• Task to complete
Would you restate all of the entries verbatim, minus any images?

[Web page caption snippets]
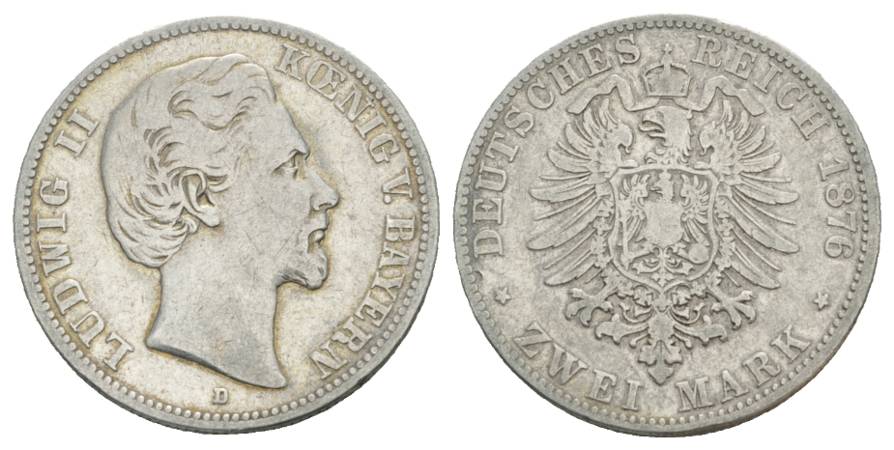  Bayern, 2 Mark 1876   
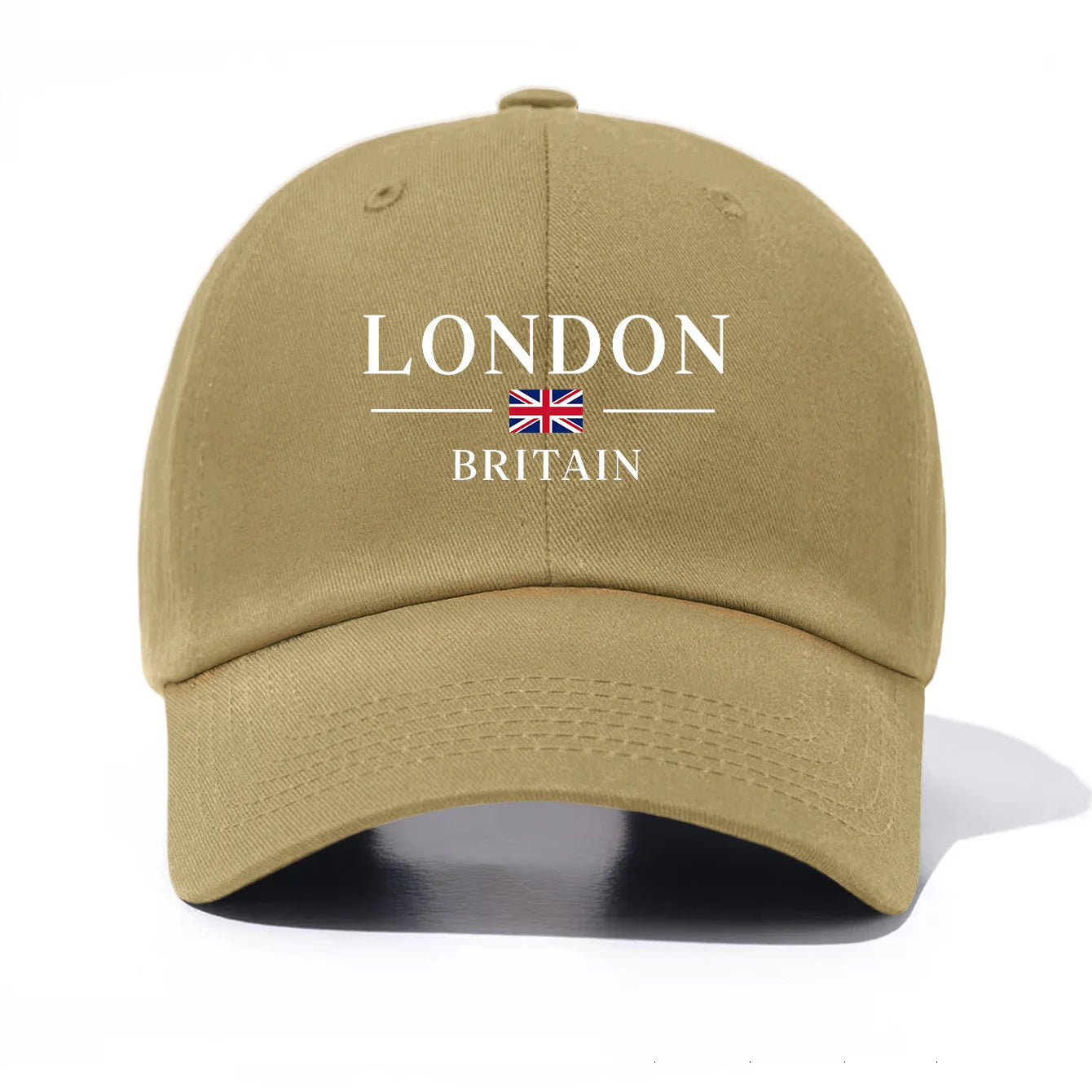 London Print Baseball Cap For Adults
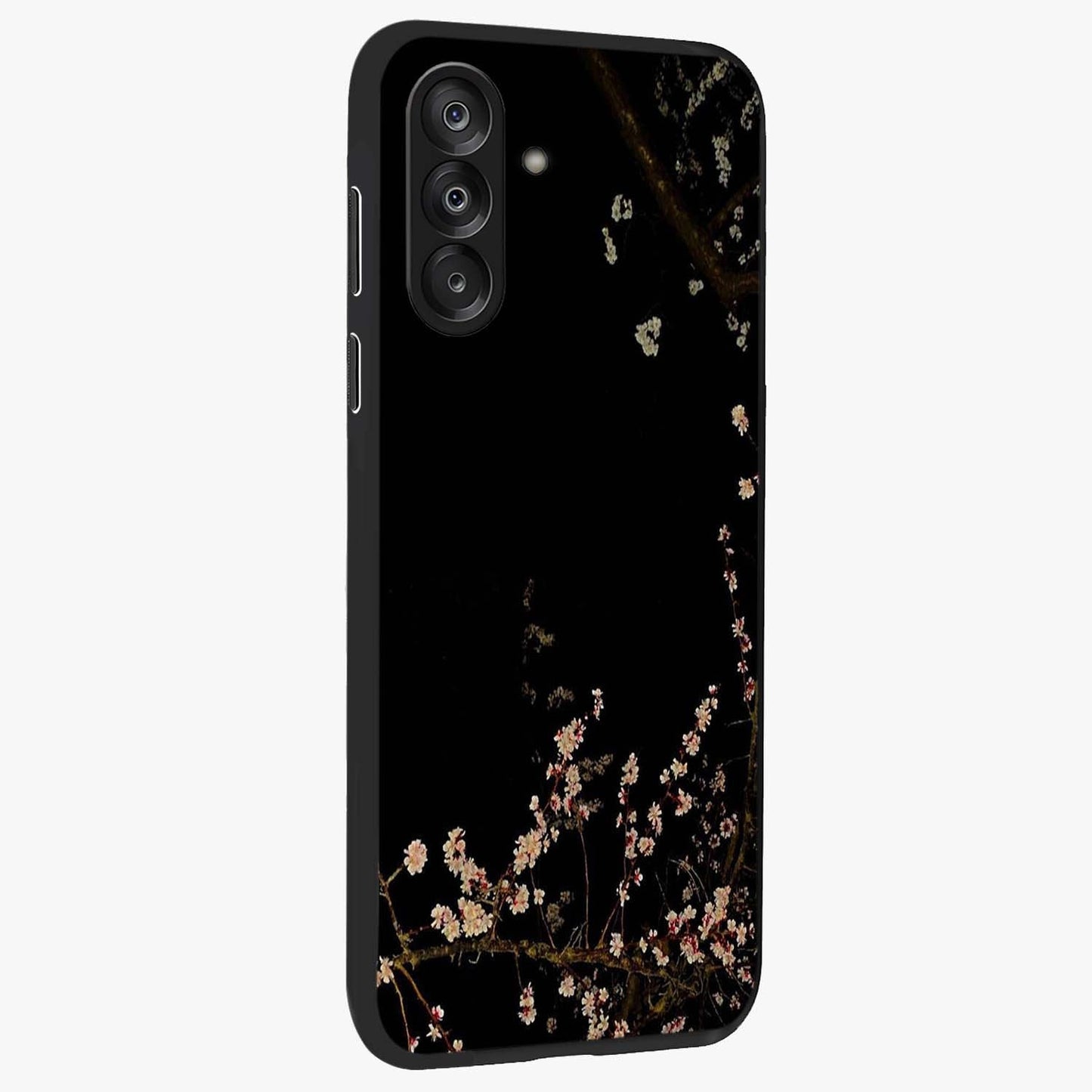 Petal Moon Light With Custom Name Glass Case upright view showcasing elegant floral moon artwork with personalized aesthetic.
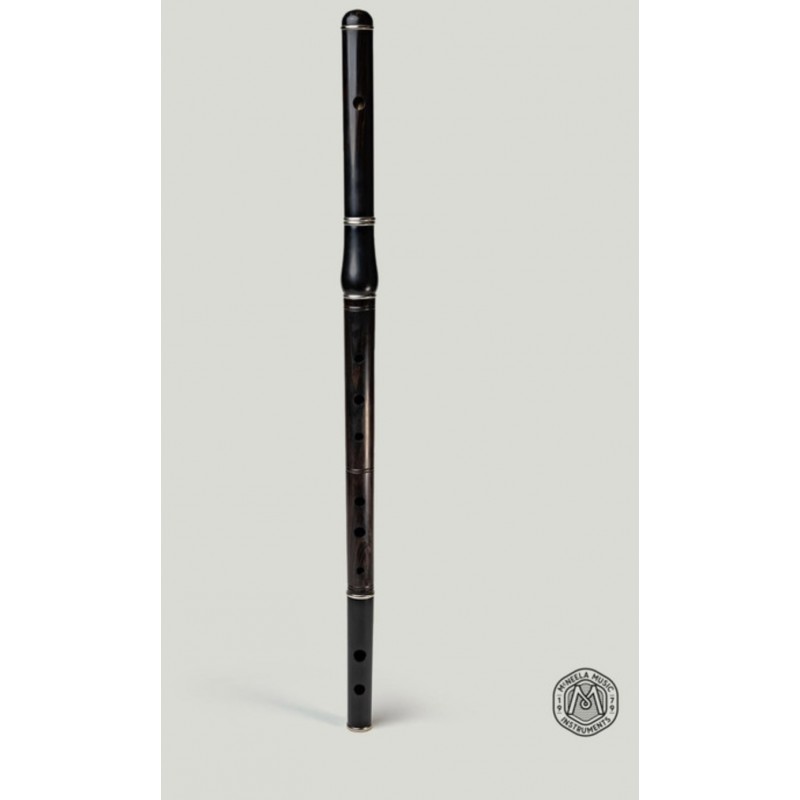 McNeela African Blackwood Irish Traditional D Flute Used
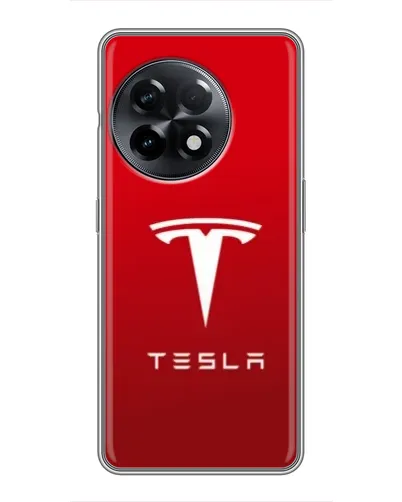 Чехол для OnePlus 11 с картинкой «Tesla Red Classic»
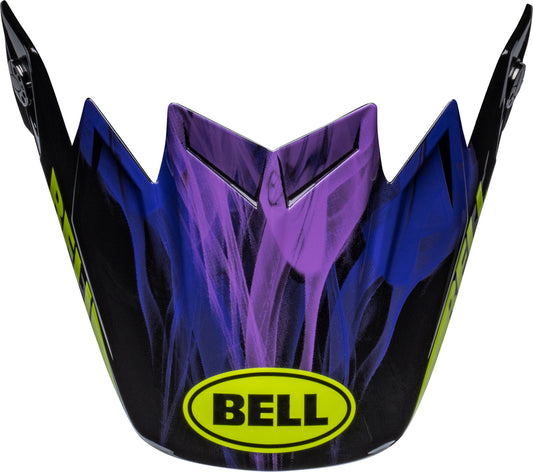 BELL Moto-9S Flex Off-Road Peak - Slayco Black/Purple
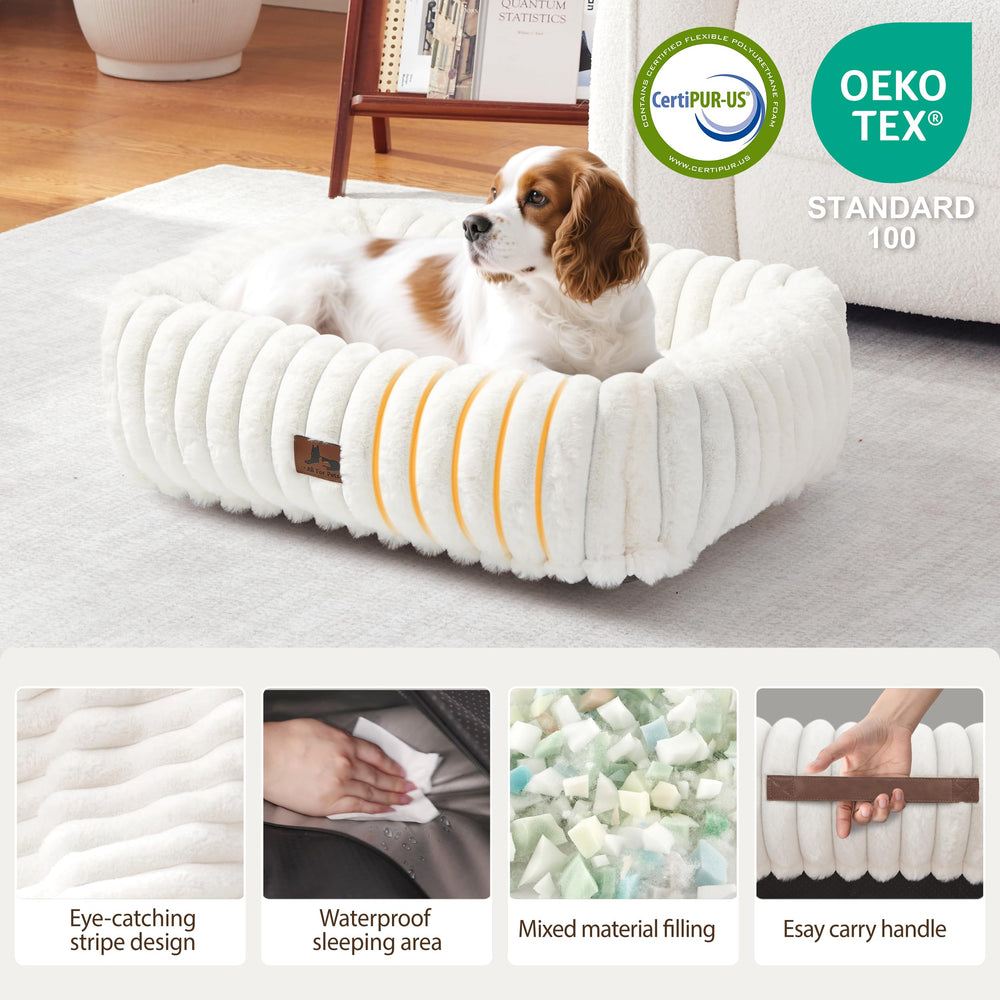 Warmrest bed removable cover closeup indicating easy cleaning and maintenance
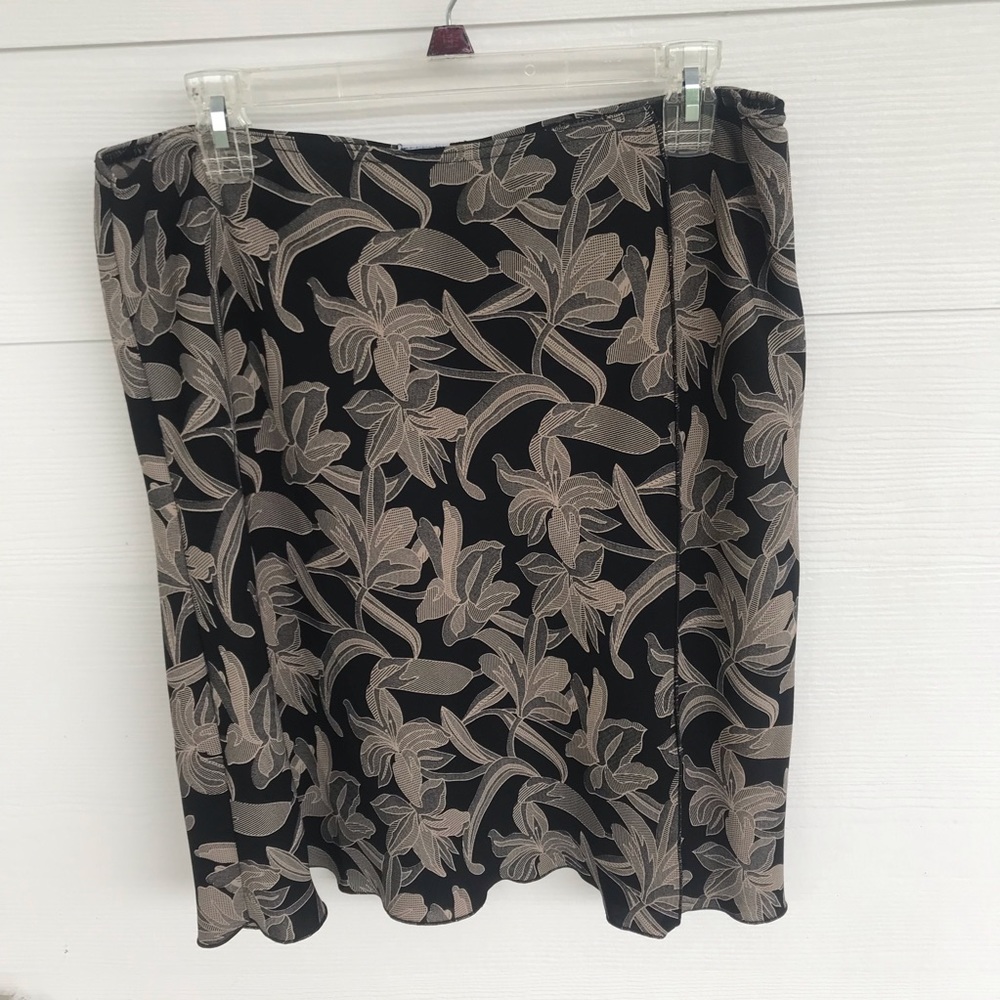 Black Floral Skirt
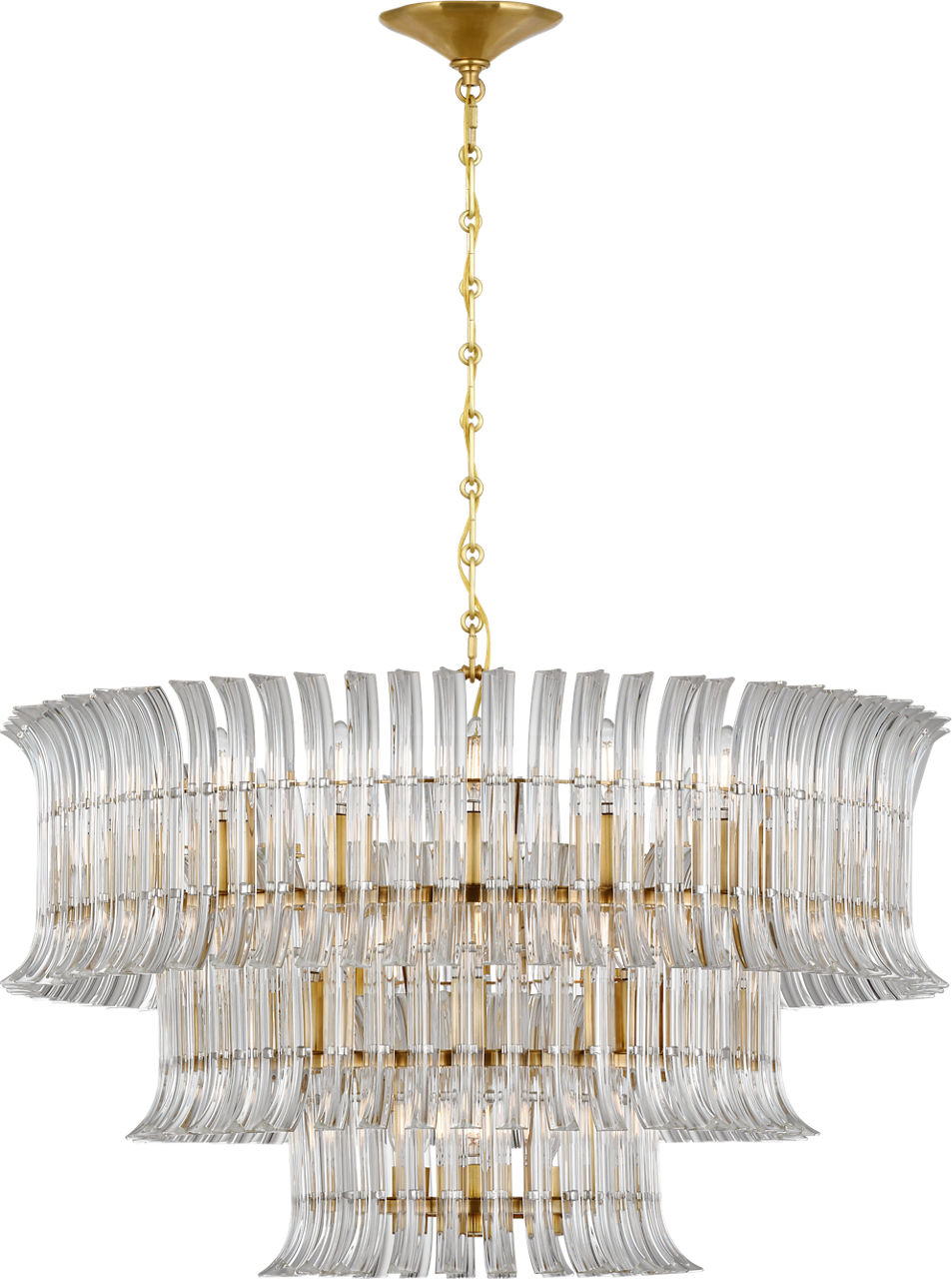 Rhine 34" Three Tier Chandelier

• Response to this exercise
  Bayern, 2 Mark 1876   
 London Print Baseball Cap For Adults
 Petal Moon Light With Custom Name Glass Case upright view showcasing elegant floral moon artwork with personalized aesthetic.
 McNeela African Blackwood Irish Traditional D Flute Used
 Чехол для OnePlus 11 с картинкой «Tesla Red Classic»
 BELL Moto-9S Flex Off-Road Peak - Slayco Black/Purple
 Warmrest bed removable cover closeup indicating easy cleaning and maintenance
 Black Floral Skirt
 Rhine 34" Three Tier Chandelier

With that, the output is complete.